Livelihoods and gender

Invertebrate harvesting is one of a few livelihood options available to the population in Chwaka village and in only five years at least twice as many households have entered the fishery. Despite low profits the contribution of invertebrate harvesting to income of both individual collectors and the household as a whole is therefore important to consider. However, with declining finfish fisheries invertebrates may also come to play a more important role as food, which has been observed in other parts of Zanzibar such as Nungwi [45]; the Comoros islands [4] and Mozambique [51]. In the light of this, it is essential to analyze the potential impact of declining invertebrate resources on people's livelihoods and how livelihood strategies and vulnerability in the context of changing social-ecological conditions may differ according to gender. The results show that a decline in economically valuable species have forced males to start targeting species of lower value in shallow areas previously utilized by females only, which could result in female harvesters being displaced from good fishing areas and thus outcompeted in their pursue of invertebrate resources. This is to some extent already observed; male harvesters were more mobile and able to shift fishing grounds whereas females generally could not. These gender inequalities are deeply rooted within the society, and women's reproductive role is typically valued higher than their productive. The findings also show that limited mobility and lack of “free time” reduce their chances to accumulate financial, physical, social and human capital needed to cope with changes in the environment.
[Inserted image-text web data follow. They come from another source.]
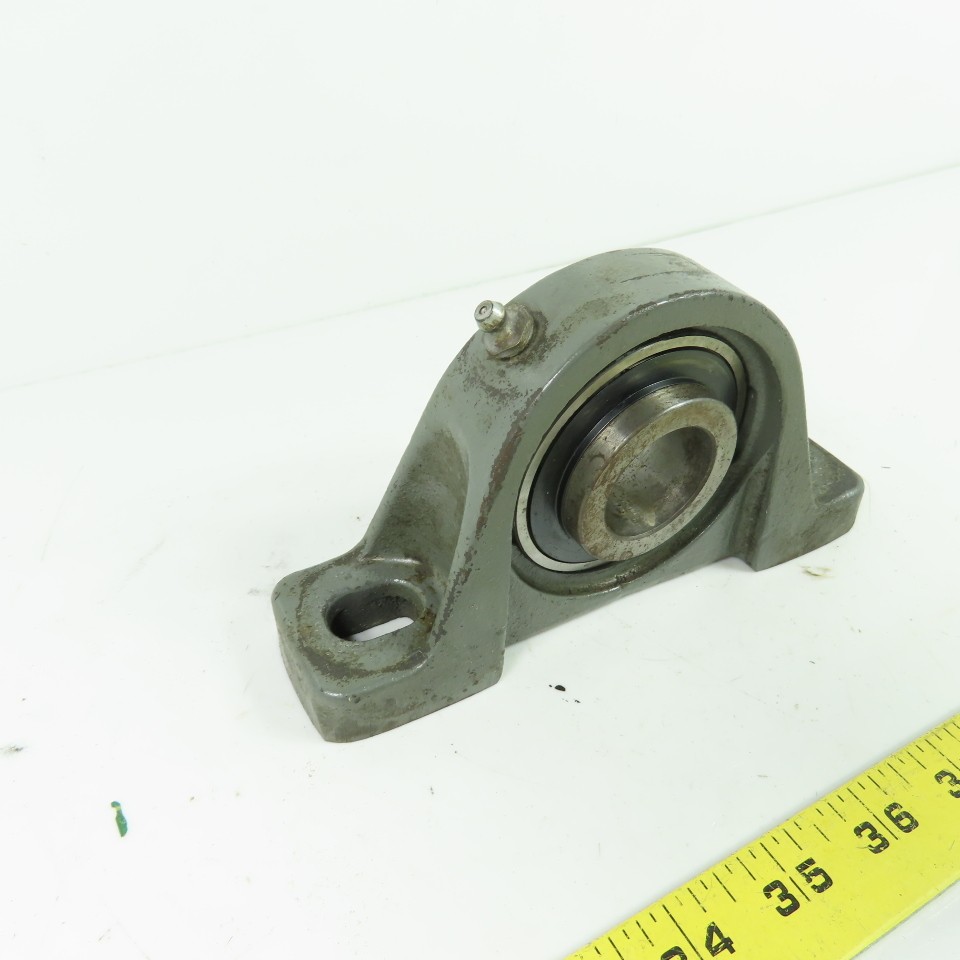 RP 1106 2-Bolt Pillow Block Ball Bearing 1-1/4″ Bore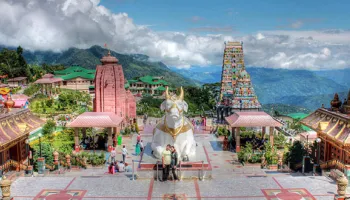 7N - 8D Gangtok - Pelling - Ravangla Tour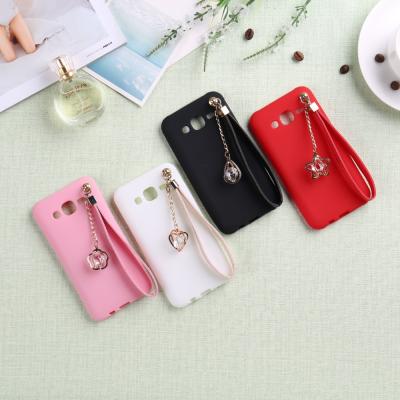 China Protective TPU Silicone For Samsung j5 2016 Case Mobile Phone Accessories , Slim Silicone Cover For Samsung j3 j5 j7 Prime Phone Cases for sale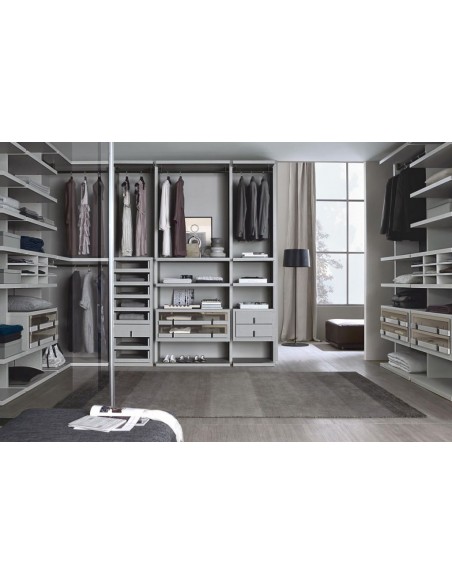 Millimetrica Walk-In Closet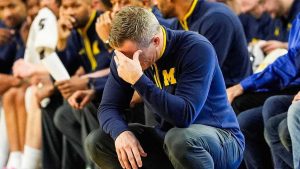 Maryland wrecks Michigan’s Large Ten hopes with upset highway win
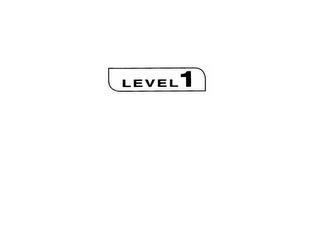 LEVEL 1 trademark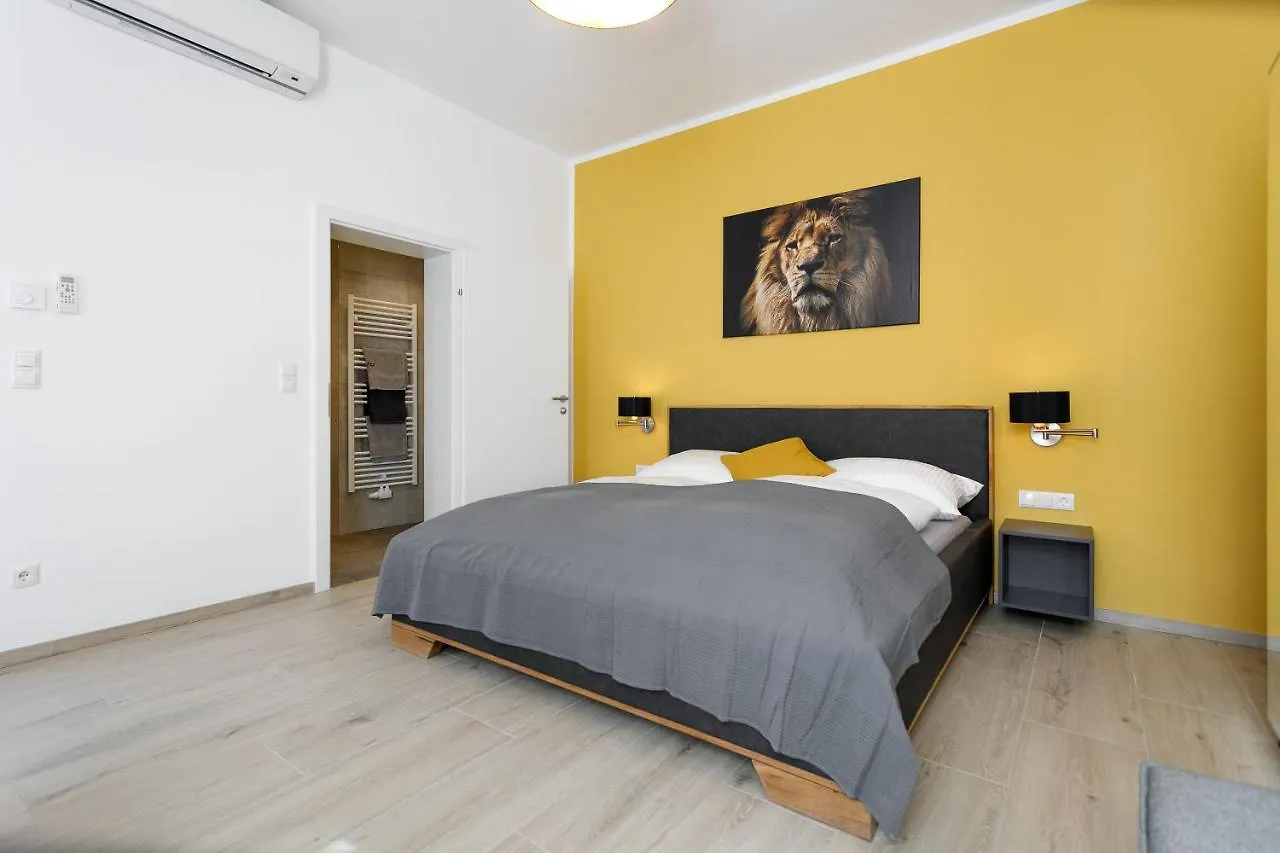 Apartament Wf-Apartment Zentral, Trendig & Modern, Westbahnhof Viena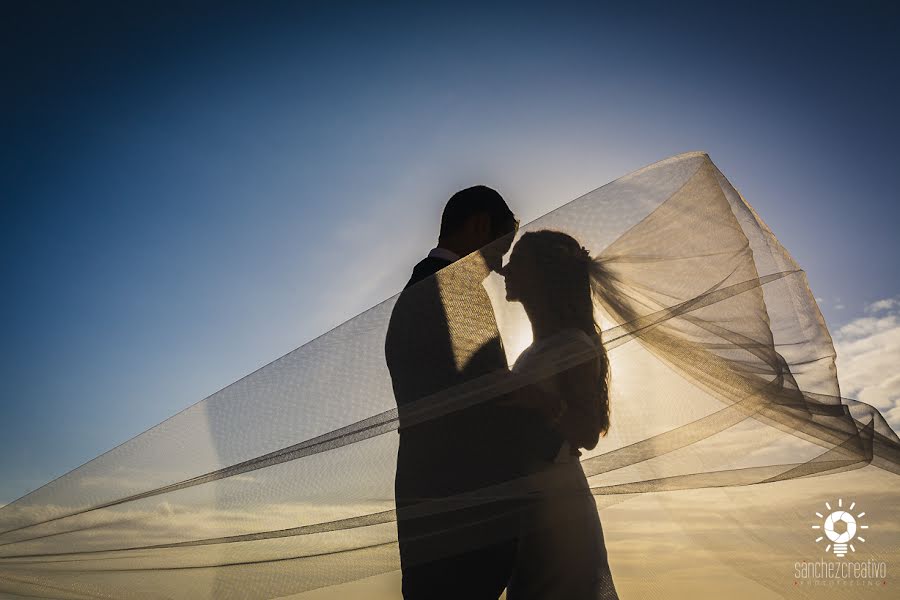 Fotógrafo de casamento Jesús Sánchez (sanchezcreativo). Foto de 11 de junho 2019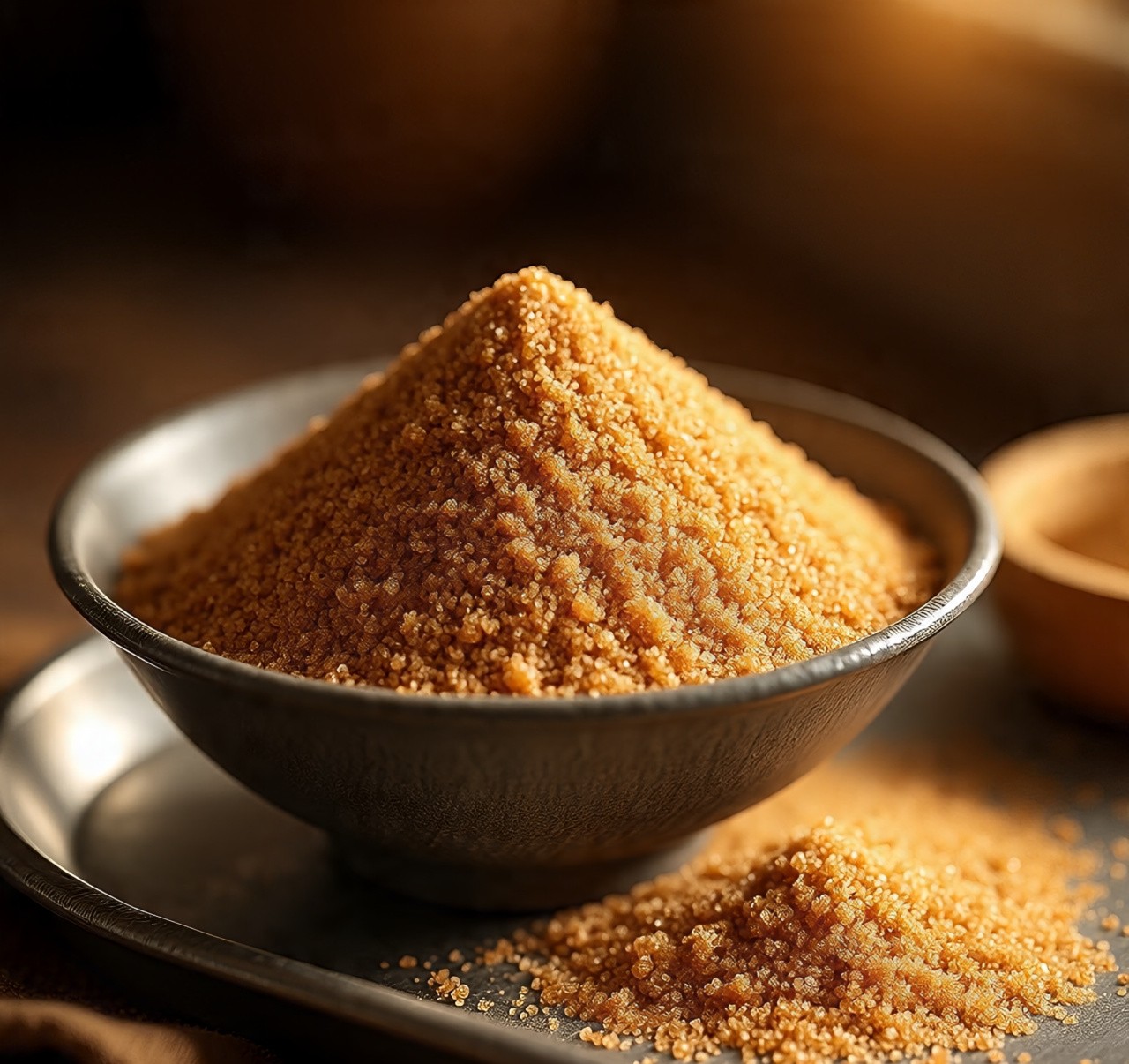 Pure Desi Jaggery Powder (Gur Powder) | خالص دیسی گڑ پاؤڈر - Image 1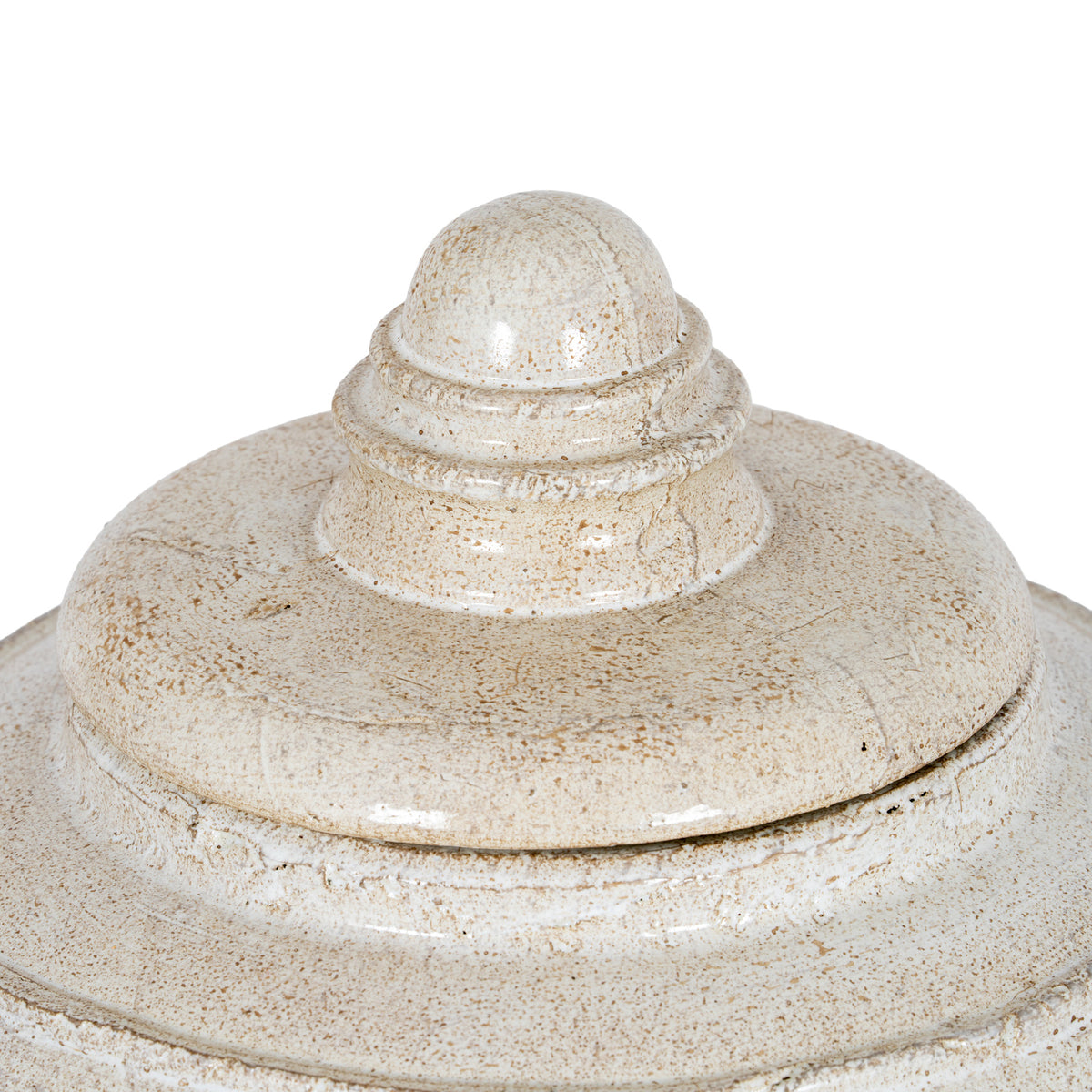 Tarn Collection Large Pot With Lid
One limitation regarding the interviews is the skewed number of male respondents between years; however, the gender-based differences found in this study are not unique for Zanzibar but seen in the fisheries sector all over the world such as sub-Saharan Africa [52][53], India, Malaysia, Cambodia [54], and Brazil [55]. Subsequently, in line with the livelihoods framework [15] women's livelihood assets differ from that of men, which may have negative impacts on livelihood strategies, not only for the individual but for whole households, and further lead to increased vulnerability in the context of declining invertebrate resources, price shocks, market changes and so on.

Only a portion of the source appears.